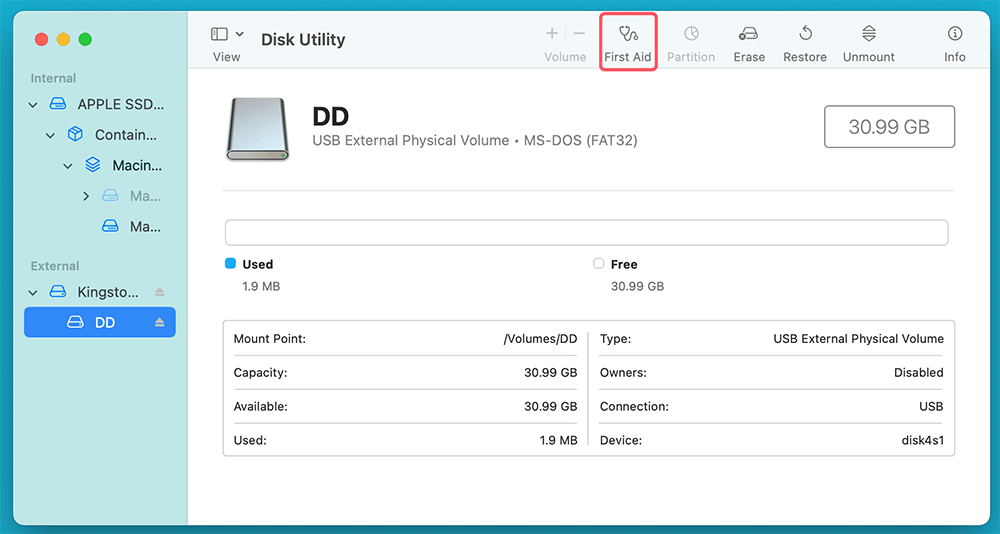 Click First Aid and follow the prompts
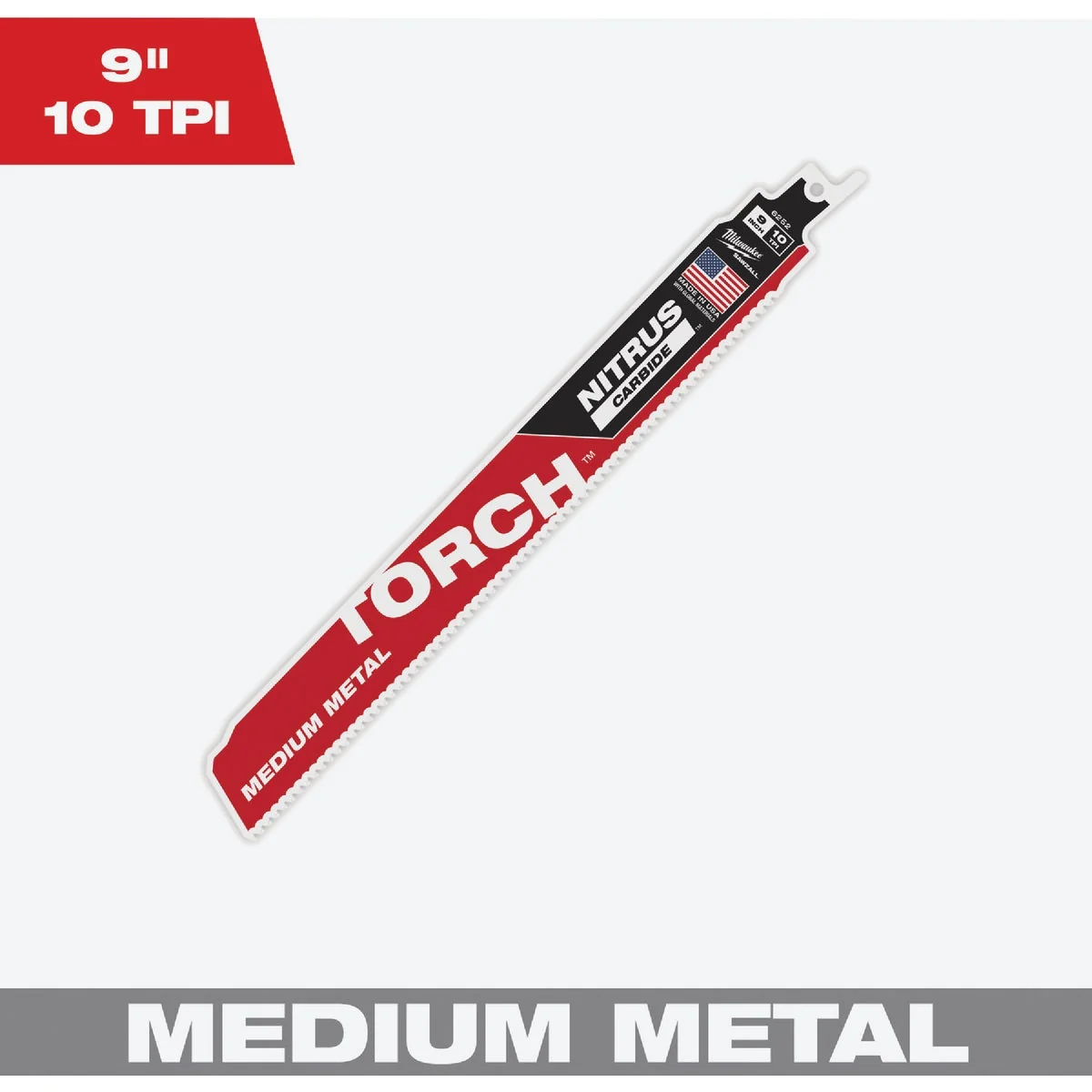 Verified Milwaukee TORCH 9 In. 10 TPI NITRUS CARBIDE Teeth for Medium Metal Cutting Reciprocating Saw Blade High-Grade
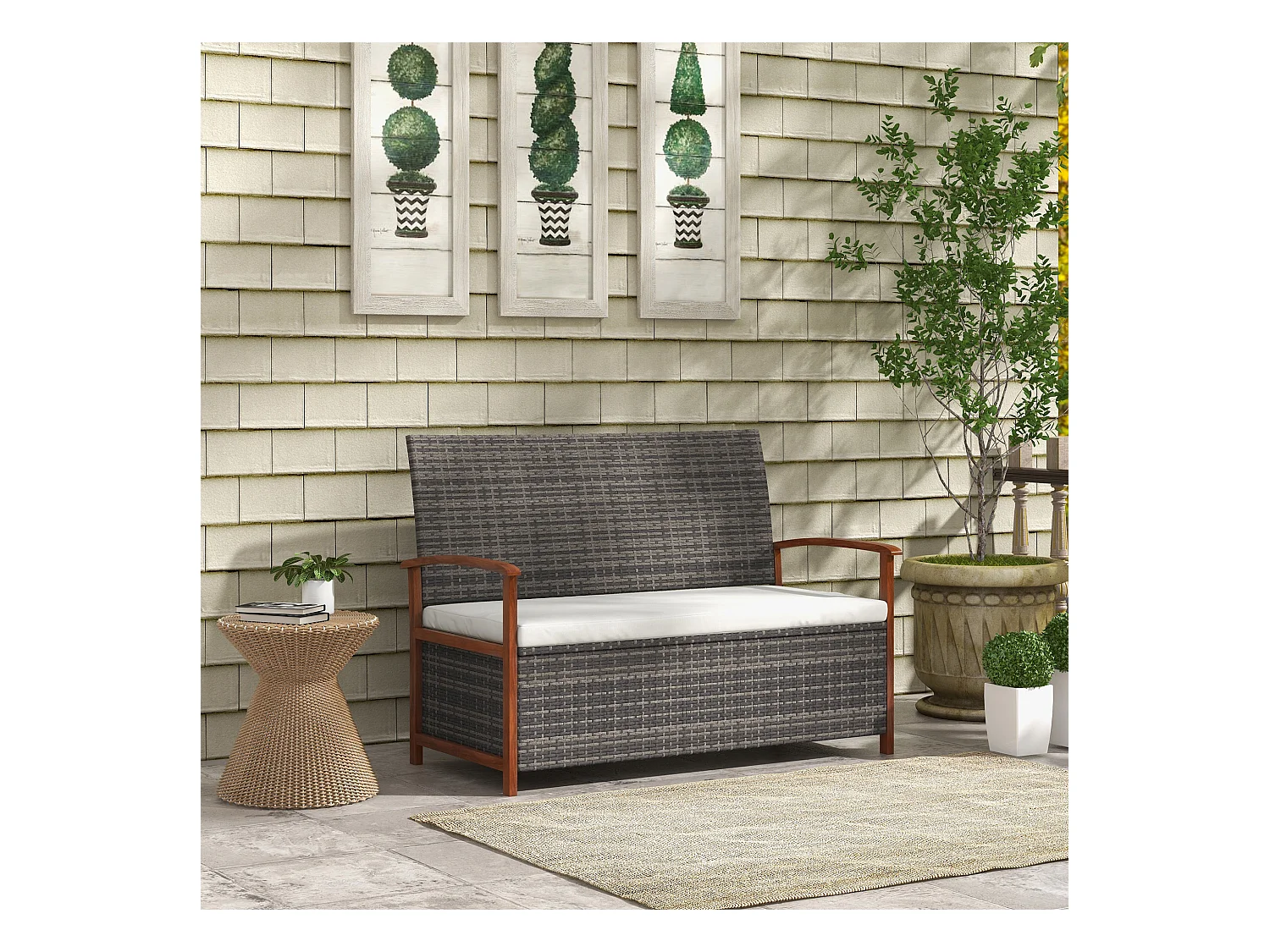 Banc coffre de jardin 2 en 1 - 2 places - coussin inclus - résine tressée grise piètement accoudoirs bois acacia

■ WHAT TO DO
Leave out the pictures and output the rest of the material exactly as written.

■ EXERCISE RESULT
 Click First Aid and follow the prompts
 Verified Milwaukee TORCH 9 In. 10 TPI NITRUS CARBIDE Teeth for Medium Metal Cutting Reciprocating Saw Blade High-Grade
 Banc coffre de jardin 2 en 1 - 2 places - coussin inclus - résine tressée grise piètement accoudoirs bois acacia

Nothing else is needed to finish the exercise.